職場のビルで清掃してくれるおばちゃんとよく話す。新型ウィルス禍で、都内にオフィスはいらないと、他の階に入っていた会社は引っ越しているという。「仕事時間が短くなってお給金が減っちゃう」と嘆いていた。が、かと思えば、早めに帰ってやることがないから横になってると、腹の上で飼い猫がオシッコする話を楽しそうにしはじめていた。切り替えが大事である。
さて、本日は本。

■ 『セルフビルドの世界:家やまちは自分で作る』(ちくま文庫)
作 者 石山修武・中里和人
発行所 筑摩書房
発 行 2017年
状 態 通しで1回読んだ

サブカルチャーなり、カウンタカルチャーなり、時代によって呼び方はいろいろあるけど、既存の権威・専門的なものとはまた別な感覚でやってこうぜ、という文化において、わたしがもっとも大切だとおもう精神は、「自分で好きなようにやってる」のドゥ・イット・ユアセルフ、DIYということである。

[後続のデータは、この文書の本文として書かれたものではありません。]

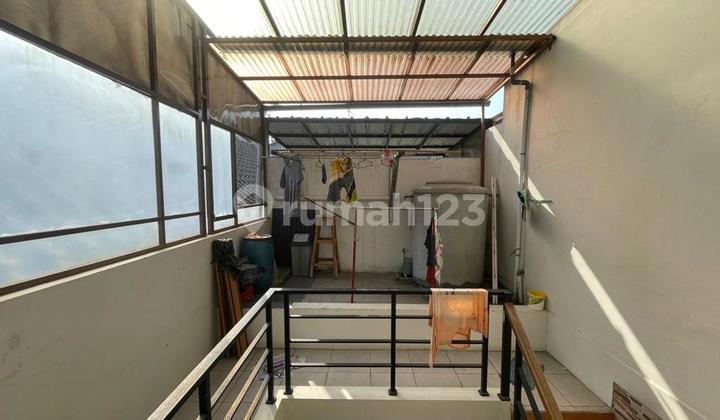 Top House Candra Puspa Wetan, New City Parahyangan, Bandung 2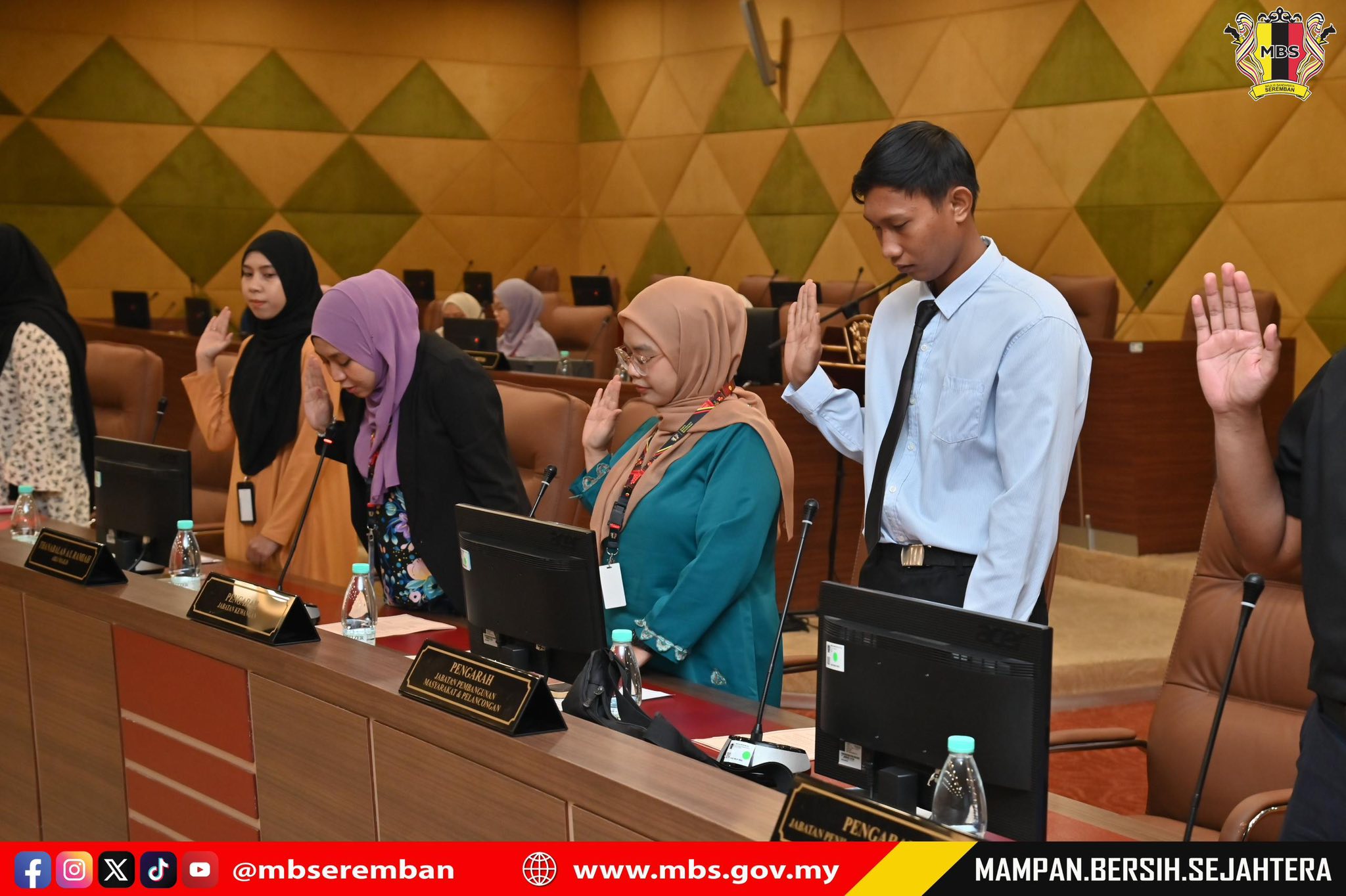 SESI PENYERAHAN SURAT KENAIKAN PANGKAT, PENGISIAN JAWATAN DAN PEMANGKUAN SERTA BACAAN IKRAR (AKU JANJI) PEGAWAI - PEGAWAI LANTIKAN BAHARU, MAJLIS BANDARAYA SEREMBAN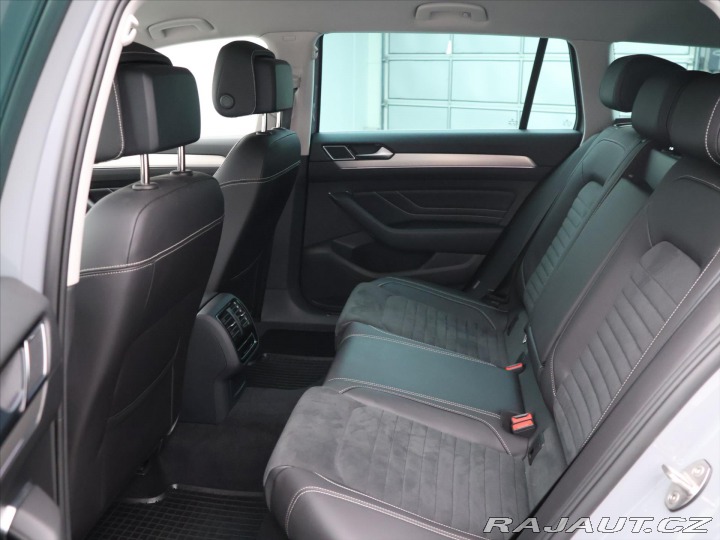 Volkswagen Passat Variant 2.0 TDI 147kW 4MO 2023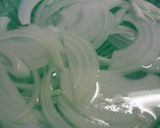 鶏皮と玉葱の辛味和え作り方1写真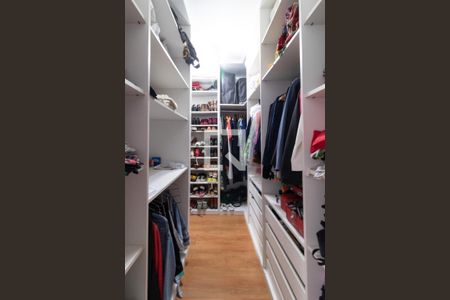 Casa de condomínio à venda com 285m², 3 quartos e 2 vagasCloset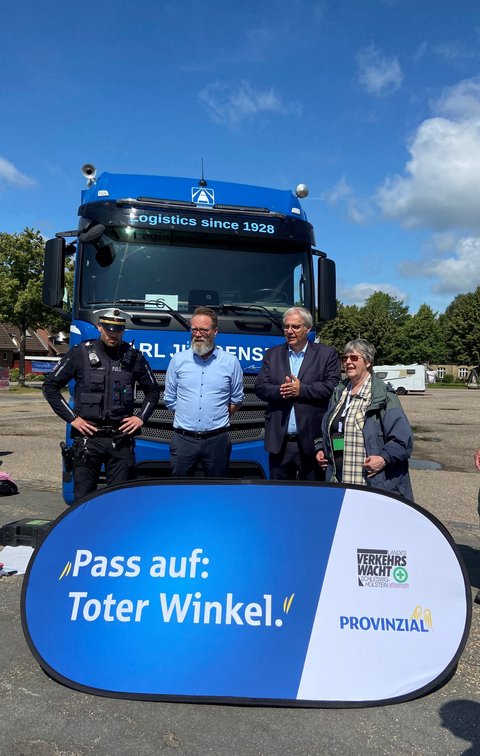 Mitarbeitender der Polizei, Wirtschafts- und Verkehrsminister Claus Ruhe Madsen, Bürgermeister Stephan Dose und Vizepräsidentin der Landesverkehrswacht SH Elisabeth Pier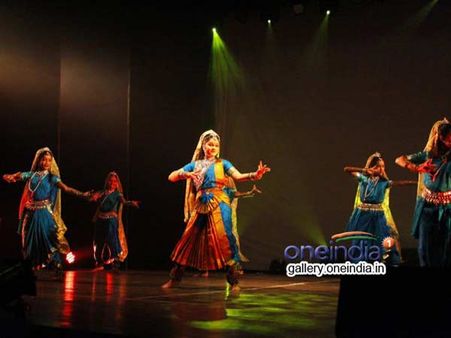 ગ્રેસી સિંહે નૃત્ય કર્યું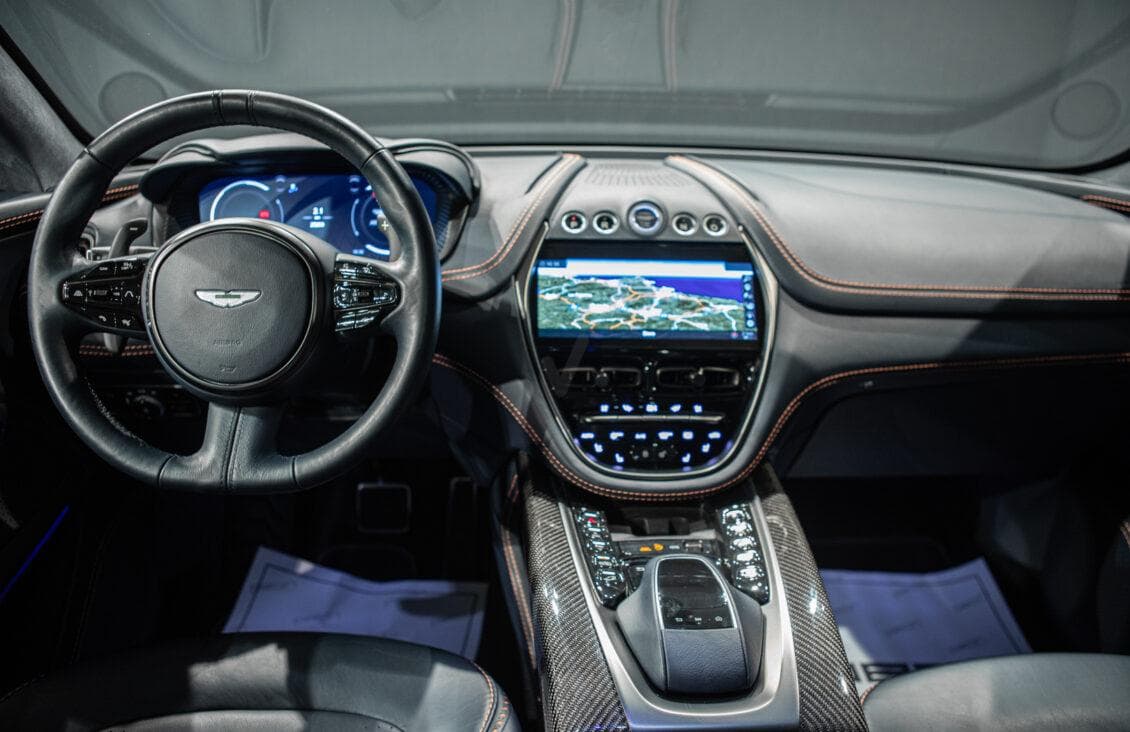 Aston Martin DBX — foto 4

この分野、人によっては、保守的な価値観に異議を申し立てることだったり、エログロだったり、とがった表現を重視している。もちろん、それのどれもイイし、表現として重なり合ってるけれど、わたしは、DIYの精神をつよく感じさせる表現に惹かれる。

たとえば、音楽でいえば、ローファイな宅録・ヒップホップ・弾き語り。美術だと、グラフィティ・アートやアウトサイダーアート。紙とペンだけではじめられるマンガもそもそも表現がDIY的で好きだ。なんというか、とにかく自分の世界を黙々と作り上げている人に共感をしているのかもしれない。ウケるウケないのまえに、徹底的に自分が楽しむことを優先し、気負うことなく作業を続け、「はい、こうなりました、これで完成」というふうな作品には、独特な存在感がやどることがある。

本書は、持ち主がみずから建てちゃったもの(=セルフビルド)を紹介する一冊。建築家の磯崎新の隠れ家から、山梨県のトタンでつくられた奇妙なバー、隅田川のブルーシートでできた家、インドのマザーテレサの家、カンボジアのトンレサップ湖に浮いている家……。おのおの建物は、日本の不動産屋で売ってるマンションや一軒家とはまったくちがう。全体が「それなり」まとまるということがない。セルフビルドは、こだわりの部分部分があつまってできている。なので、色や素材がガタガタだし、まだ作り直しているところもあったりするわけだけど、世界でどこを探してもない、唯一無二の存在感を放っている。わたしとしては、こういうのもDIYを感じる表現として、建物の写真をみてわくわくする。

いまは、SNSで自分の表現を手軽に発信できる時代で、DIY的な作品をみることができるようになった。そこで、こんなすごい人いたんだ!と驚くこともある。だけど、「ウケそう」だからやったというのがみえるものもけっこうある。もちろん、そういう仕組みだし、そのモチベーションも否定すべきことじゃないけれど。だけど……

この本は、00年代前半に『スタジオボイス』と『Memo 男の部屋』で連載していた記事がもとになっている。このころ、都築響一 「珍日本紀行」(これは『SPA!』だったか)などいくつか雑誌の連載でDIYの表現を紹介するものがあった気がする。いま考えると、雑誌って「自分で好きなようにやってる」人を取材で見つけてきて地面を割いて紹介してたんだなあ。現在は、雑誌はどんどん休刊していて、もう元気がないけど。それ系の人は、SNSで自分をアピールする、ということをしそうにない人な気がするので、かえって、この本で取り上げているセルフビルダーたちのような存在って見えなくなっているのかもしれない。